Descriptive and inferential statistical analysis was carried out in the present study. Results on continuous measurements were presented as mean ± standard deviation (minimum − maximum), and results on categorical measurements were presented in number (%). Statistical significance was assessed at a 5% level of significance and P ≤ 0.05 was considered statistically significant. The total sample size of 60 (30 cases, 30 control) was arrived based on the following formula:

In the present study, Student's t-test was used for comparison of means between cases and controls. Pearson's correlation analysis was used for the correlation between Vitamin D status, thyroid profile with psoriasis area severity index (PASI), and dermatology quality of life index (DLQI). The statistical software The SPSS 17 (SPSS Inc, Chicago), MedCalc version 9.0.1 (MedCalc Software, Ostend, Belgium), was used for the data analysis. DLQI and PASI questionnaire was used to assess the quality of life and the severity of psoriasis respectively. PASI score is graded from 0 to 10 starting from minimum to maximum severity. DLQI is scored from 0 to 10 starting from minimal to maximum affecting daily life activities.

Results

25-hydroxycholecalciferol levels in psoriasis cases were significantly decreased when compared to the healthy controls (P < 0.05). Thyroid-stimulating hormone level was significantly increased in psoriasis cases when compared to healthy controls (P < 0.05), but was within reference range [Table 1].

Table 1

Biochemical parameters in psoriasis cases and controls

Biochemical markers	Mean±SD		P
	Cases	Controls
Vitamin D3 (ng/L)	22.761±1.43	30.64±4.33	0.02*
FT3 (ng/dl)	2.77±0.57	2.55±0.92	0.15
FT4 (pg/ml)	1.31±0.43	1.13±0.40	0.03*
TSH (mIU/ml)	3.03±0.96	2.41±1.21	0.05*

*P≤0.05 significant. SD: Standard deviation; TSH: Thyroid-stimulating hormone

There was significant negative correlation between PASI and Vitamin D3 and between PASI and DLQI. There was no significant association between DLQI and Vitamin D3 [Table 2].

Table 2

Association of psoriasis area severity index and dermatology quality of life index with Vitamin D3

Parameters	r	P
PASI versus Vitamin D3	−0.40	0.02*
DLQI versus Vitamin D3	0.20	0.27
PASI versus DLQI	−0.59	0.00**

P≤0.05 significant. DLQI: Dermatology quality of life index; PASI: Psoriasis area severity index; TSH: Thyroid-stimulating hormone

The serum TSH level was significantly associated with the severity of psoriasis [Table 3]. The association of thyroid hormones (FT3 and FT4) with the severity of psoriasis was not significant.

Table 3

Association of thyroid profile with psoriasis area severity index score in psoriasis

Parameter	r	P
PASI score versus FT3	0.52	0.32
PASI score versus FT4	0.72	0.08
PASI score versus TSH	0.91	0.04*

*P≤0.05 significant. PASI: Psoriasis area severity index; TSH: Thyroid-stimulating hormone

Discussion

Psoriasis is a chronic immune-mediated inflammatory skin disease.[13] Psoriasis lesions are characterized by hyperproliferation of epidermal keratinocytes associated with the inflammatory cellular infiltrate in both dermis and epidermis.[14] The epidermis is the natural source of Vitamin D synthesis by sunlight action.
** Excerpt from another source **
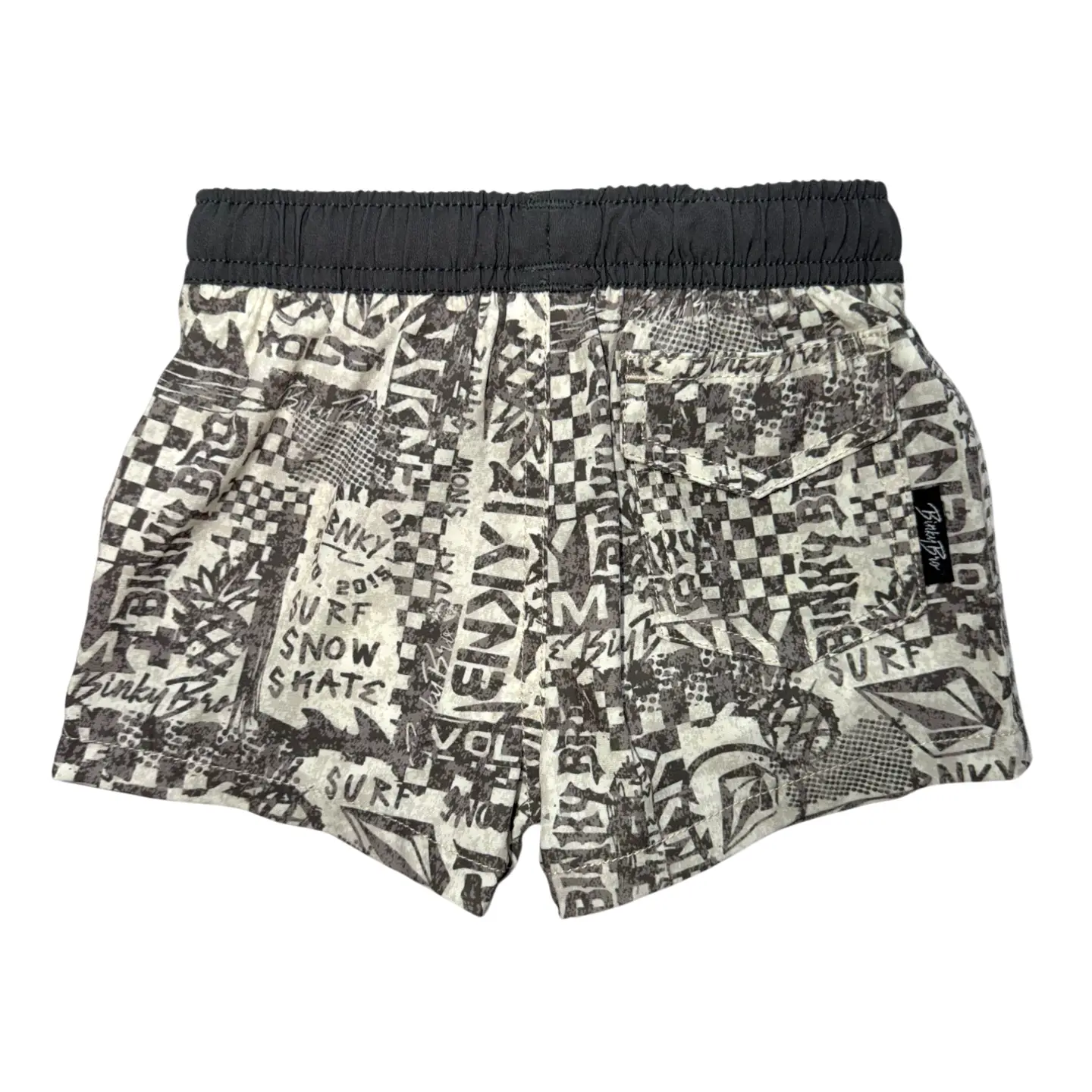 Kids Swimsuit Bnky X Volcom Swimmies - Natural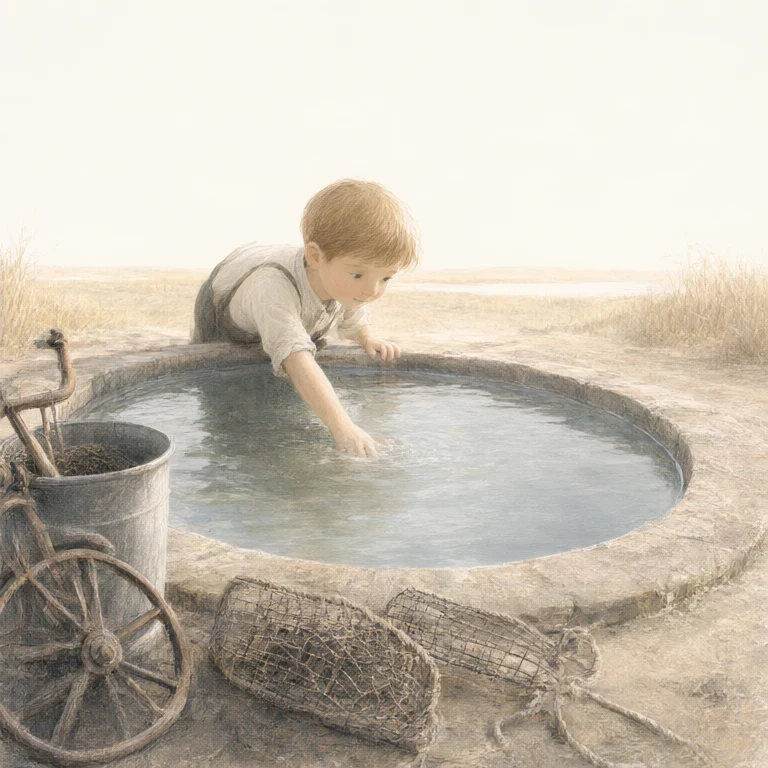 The Night the Water Came Up Salt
Vitamin D has several important functions and has a significant place in human health. Several studies have showed a high occurrence of Vitamin D deficiency among aged males and females, immature adults, and children.[15] Studies have established that Vitamin D also exhibits photoprotective, anti-inflammatory, and wound healing effects. The deficiency of Vitamin D has been implicated as an environmental trigger for immune-mediated disorders including psoriasis and psoriatic arthritis.[9] There have been many studies conducted to know the association between Vitamin D deficiency and psoriasis. Data published showed a positive correlation between deficiency of Vitamin D and the severity of psoriasis.

Al-Mutairi et al.[16] in their study comparing 100 stable plaque psoriasis patients with 100 age- and sex-matched healthy controls found significantly (29.53 ± 9.38 vs. 53.5 ± 19.6 ng/ml; P < 0.0001) lower serum Vitamin D levels in psoriatic patients as compared to the control group. Orgaz-Molina et al.[17] in their study comparing serum 25-hydroxy Vitamin D levels in 43 psoriatic patients with age- and sex-matched 43 healthy controls found that psoriatic patients had lower levels of 25-hydroxy Vitamin D as compared to healthy controls and the difference was statistically significant (24.41 ± 7.80 vs. 29.53 ± 9.38 ng/ml; P < 0.007). All the above studies are in accordance with our study in which Vitamin D levels were significantly decreased in psoriasis when compared to controls [Table 1].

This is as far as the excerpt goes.